Given data: Begin
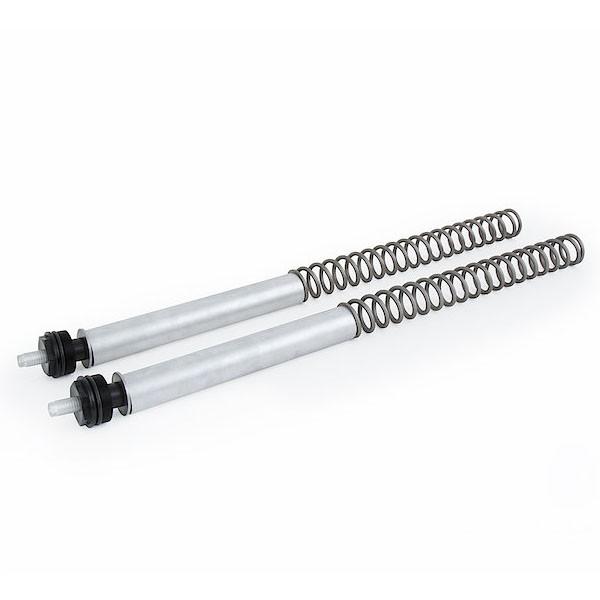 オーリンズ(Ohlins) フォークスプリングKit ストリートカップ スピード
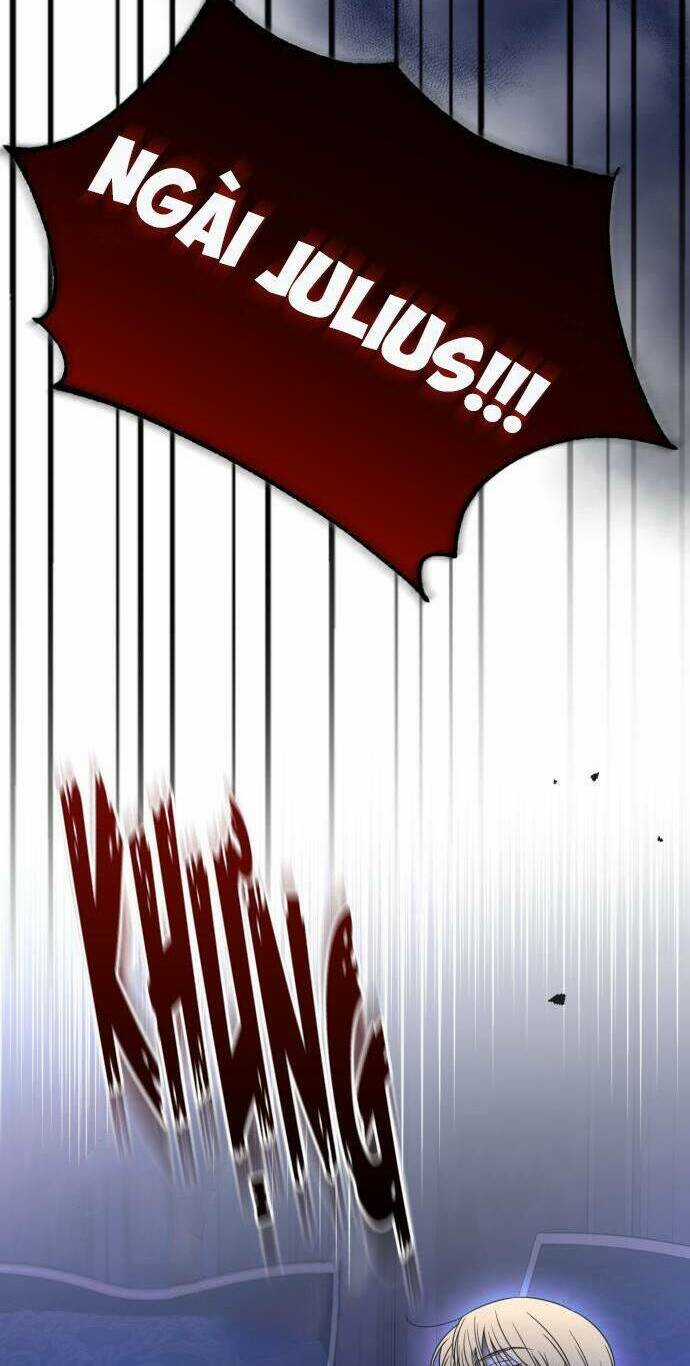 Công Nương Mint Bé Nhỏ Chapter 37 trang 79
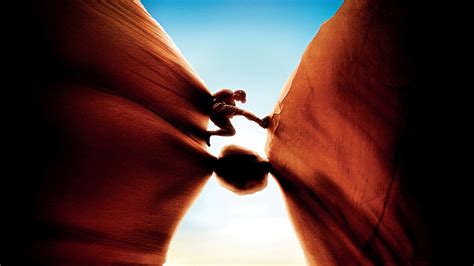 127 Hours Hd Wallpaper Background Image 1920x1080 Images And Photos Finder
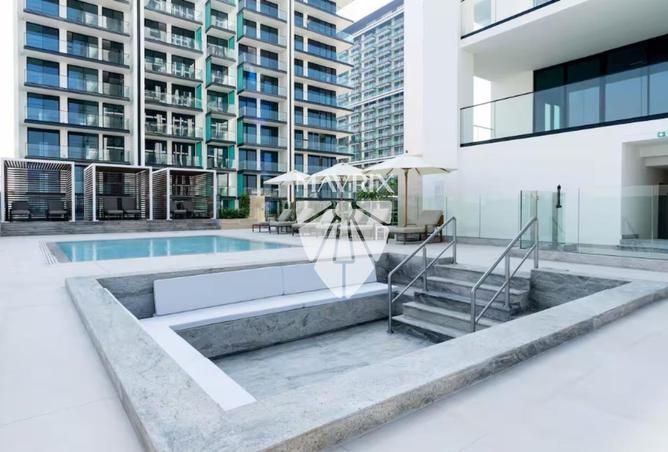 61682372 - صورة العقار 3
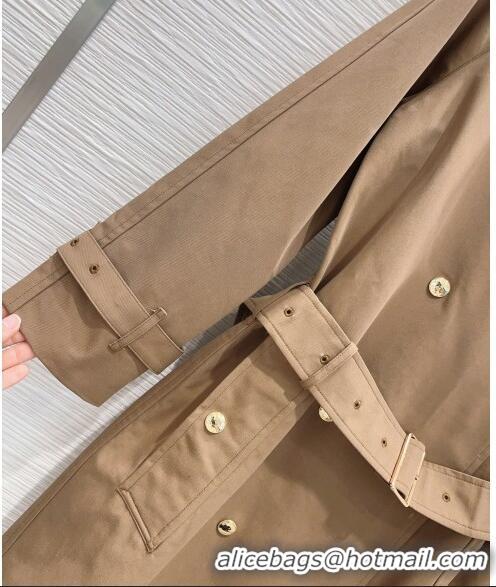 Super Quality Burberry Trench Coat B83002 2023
Given data: End
Given data: Begin
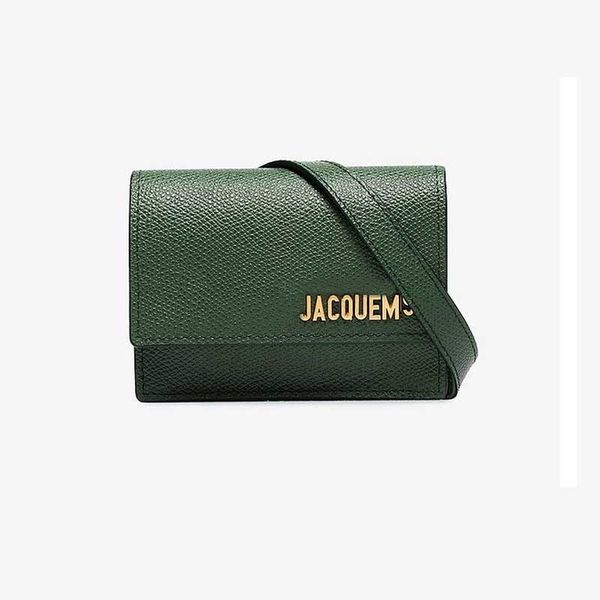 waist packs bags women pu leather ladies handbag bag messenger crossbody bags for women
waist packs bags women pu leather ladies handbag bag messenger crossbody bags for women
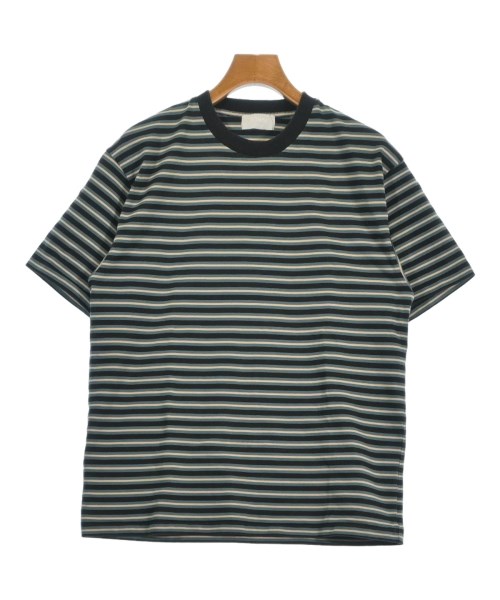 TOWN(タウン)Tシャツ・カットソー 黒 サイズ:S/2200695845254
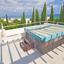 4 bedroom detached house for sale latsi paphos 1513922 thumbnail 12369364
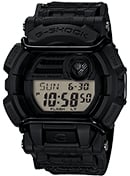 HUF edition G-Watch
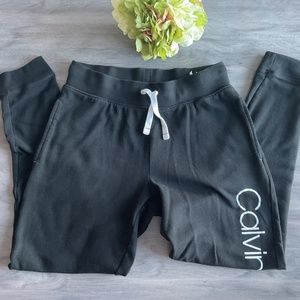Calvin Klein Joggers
Given data: End
Given data: Begin
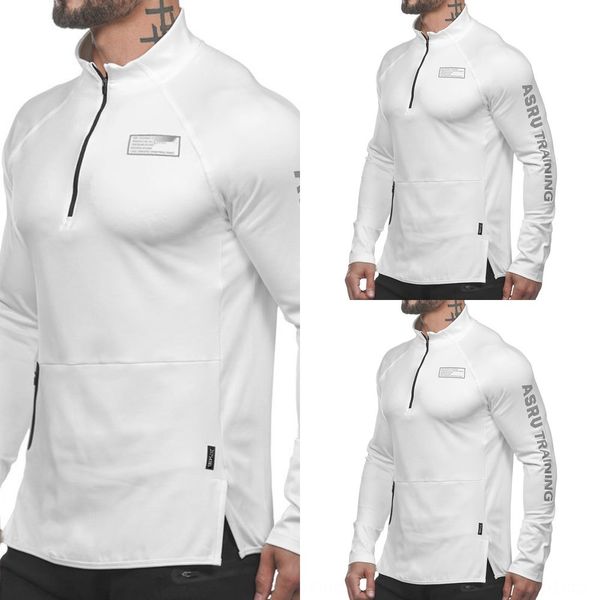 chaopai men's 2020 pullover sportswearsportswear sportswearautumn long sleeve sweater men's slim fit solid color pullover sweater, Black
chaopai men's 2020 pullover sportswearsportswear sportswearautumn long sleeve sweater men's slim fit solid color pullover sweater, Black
Given data: End
- **Task statement**: Repeat only the stretch of data above that runs from the line with "127 Hours Hd" to the line with "Super Quality Burberry". Keep both end lines; exclude pictures.

- **Exercise response**:
 127 Hours Hd Wallpaper Background Image 1920x1080 Images And Photos Finder
 61682372 - صورة العقار 3
 Super Quality Burberry Trench Coat B83002 2023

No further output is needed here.